Fed May Hold Rates as Iraq War Nears

From Bloomberg News

Despite signs that the U.S. economy is faltering, most economists believe that the Federal Reserve won't cut its benchmark interest rate when it meets today.

The economy, while growing, has sputtered. Consumer confidence is the lowest since 1992, and February produced the bleakest jobs and retail reports since November 2001, just after the Sept. 11 attacks. What's been less clear is why, and that's one reason some economists say the Fed will move cautiously.

"What we don't know is whether the cause is weather and geopolitical risk, some fundamental change in baseline growth, or a combination of all of the above," said Kathleen Stephansen, director of global economic research at Credit Suisse First Boston, one of 22 bond firms that deal directly with the Fed. "Making a monetary policy change amidst this uncertainty won't buy the Fed a great deal of additional growth."

Forty-eight of 57 economists polled by Bloomberg News say the Fed's policymaking Open Market Committee will leave the overnight lending rate unchanged at 1.25%, the lowest since 1961.

Still, the growing stack of negative economic reports makes it likely the Fed will change its outlook and say the economy is at risk of weakening, increasing the chances of a rate cut later.

Fed Chairman Alan Greenspan last month told the Senate Banking Committee that the "most important stimulus is the removal of uncertainties" about Iraq. His statement that the economy didn't need an additional boost made President Bush's $726-billion tax-cut plan tougher to sell to Congress.

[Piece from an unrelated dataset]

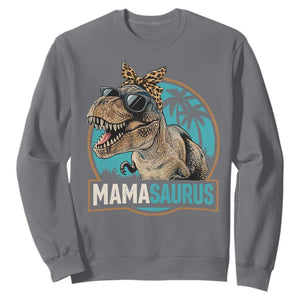 Mamasaurus Funny Dinosaur Mama Sweatshirt Mothers Day Family Matching TS11 Charcoal Print Your Wear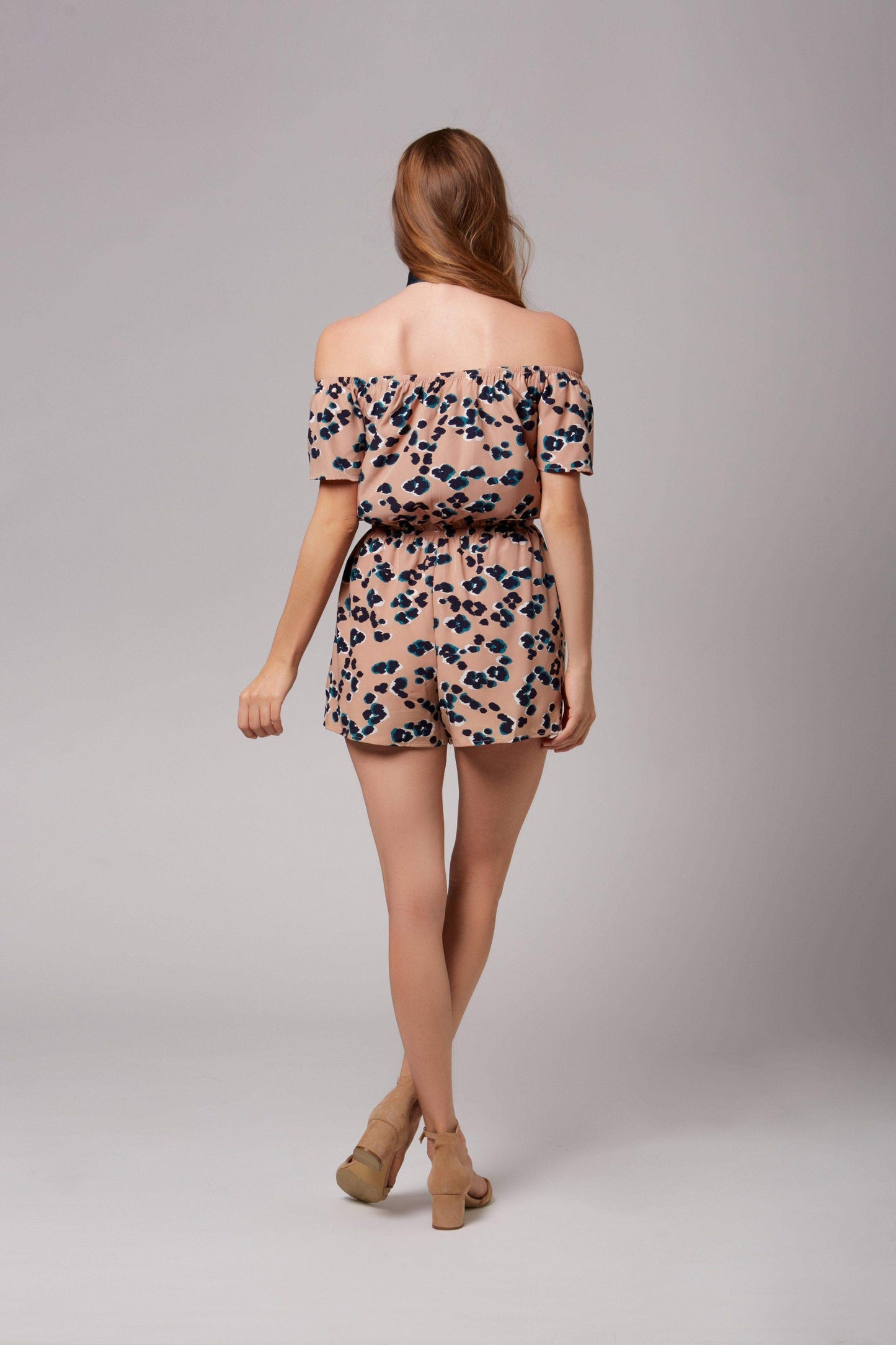 Tori Taupe Leopard Print Off-The-Shoulder Romper-Rompers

Some of the questions about Iraq may begin to lift soon. Bush Monday night gave Iraqi leader Saddam Hussein an ultimatum to go into exile within 48 hours or face an invasion.

Along with Mideast tensions, a bleak job market and a surge in gasoline prices are undermining confidence. The 40% average gain in gas prices over the last 12 months is limiting the amount of cash consumers have for other goods and services.

"Consumers have ample reason to be gloomy right now," said Stephen Stanley, an economist at RBS Greenwich Capital Markets in Greenwich, Conn.

A shift in the Fed's outlook to say the economy risks further weakening would increase the likelihood of a rate cut at or before the May meeting, a possibility that some traders bet is a near certainty. Futures contracts on federal funds for May settlement yield 1.1%, 15 basis points below the target.

Growth is slowing around the world, and other central banks have been cutting rates. Earlier this month the European Central Bank lowered its benchmark rate by a quarter of a point to 2.5%, the lowest in almost 3 1/2 years. In February the Bank of England cut its benchmark to 3.75%, the lowest since 1955, Winston Churchill's last year as prime minister.